Post-secondary broadcasting programs offer courses, such as voice and diction, to help students improve their vocal qualities. In addition, these programs prepare students to work with the computer equipment and software that they would use in the radio and television studios. Public address system and other types of announcers typically need short-term on-the-job training upon being hired. This training allows these announcers to become familiar with the equipment they will be using during sporting and entertainment events. For sports public address announcers, training may also go over basic rules and information for the sports they are covering.
Because smaller market stations have a smaller number of staff, advancement within the same radio or television station is unlikely.
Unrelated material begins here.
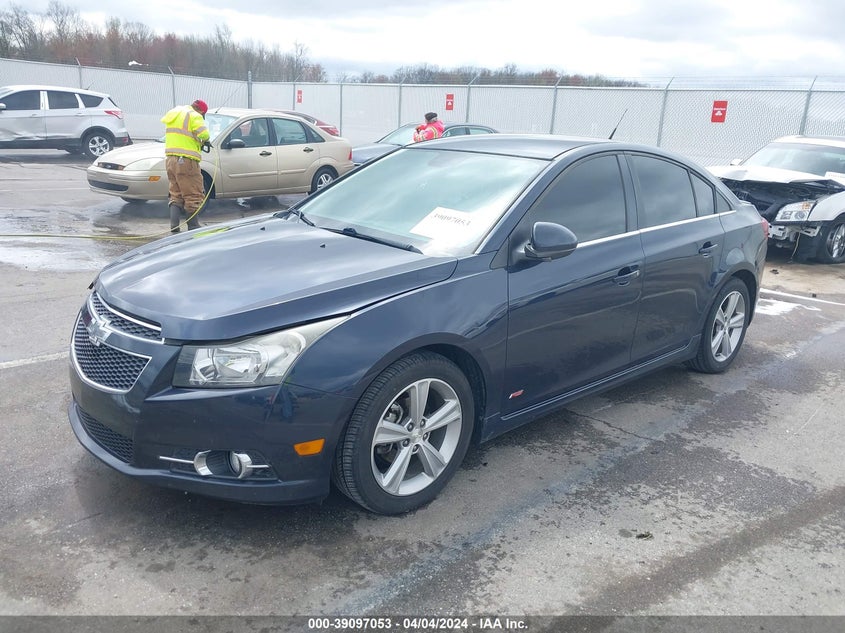 2014 Chevrolet Cruze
Rather, many radio and television announcers advance by relocating to a station in a larger market.
Nevertheless, announcers typically require a few years in a smaller market to work out the “kinks” of their on-air personalities. They learn to sound more comfortable and credible as an on-air talent and become more conversational with audiences and guests. Announcers must have a pleasant and well-controlled voice, good timing, and excellent pronunciation. Announcers also often need strong writing skills because they may write their own material.
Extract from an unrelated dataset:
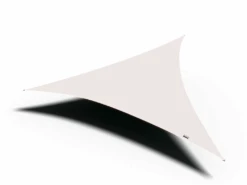Platinum Schaduwdoek Driehoek Ecru - 400 X 400 X 400 Cm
When making hiring decisions, large market stations generally rely on announcers’ personalities. Radio and television announcers need to have proven that they can attract, engage, and keep a sizeable audience. Therefore, ratings for an announcer’s show in the smaller market are important in increasing advancement opportunities.
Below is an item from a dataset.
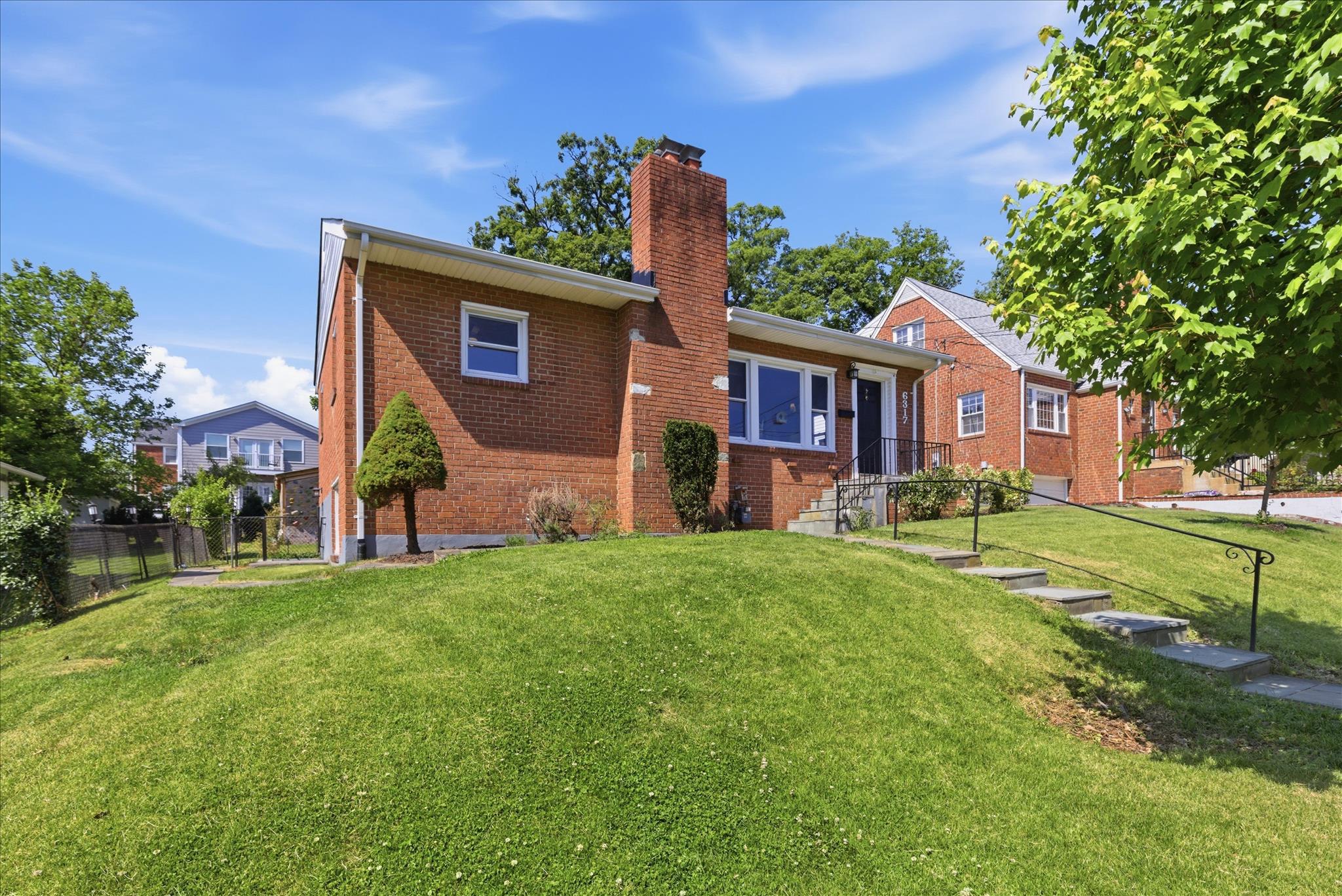  6317 Jason Avenue, Cheverly, MD, 20785 - 物件實景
Larger stations may rely on radio and television announcers to do other tasks that the station needs. Therefore, an applicant needs to have demonstrated versatility and flexibility in the smaller market in duties such as creating and updating a social media presence on social networking sites, making promotional appearances on behalf of the station, or even selling commercial time to advertisers. Announcers, especially those seeking radio careers, should have good computer skills and be able to use computers, editing equipment, and other broadcast-related devices. Radio and television announcers may interview guests and answer phone calls on air. Entry into this occupation is very competitive, and many auditions may be needed for an opportunity to work on the air.
The tight schedules that announcers work on can be stressful. Although most announcers work full time, many work only part time. Many radio and television stations are on-air 24 hours a day. Some announcers present early-morning shows when most people are getting ready for work or commuting. Others do late-night programs. The shifts, however, are not as varied as in the past. Technology has allowed stations to eliminate most of the overnight hours, because shows that air during the night can now be recorded earlier in the day. Some self-employed announcers record their shows at home and sell them to networks and stations, advertising agencies, or other independent producers.
The median annual wage of radio and television announcers was $26,850 in May 2010 The lowest 10% earned less than $16,590, and the top 10% earned more than $72,500. The median annual wage of public address system and other announcers was $27,910 in May 2010. The lowest 10% earned less than $16,940, and the top 10% earned more than $70,120. In general, announcers who work in larger markets earn more than those working in smaller markets.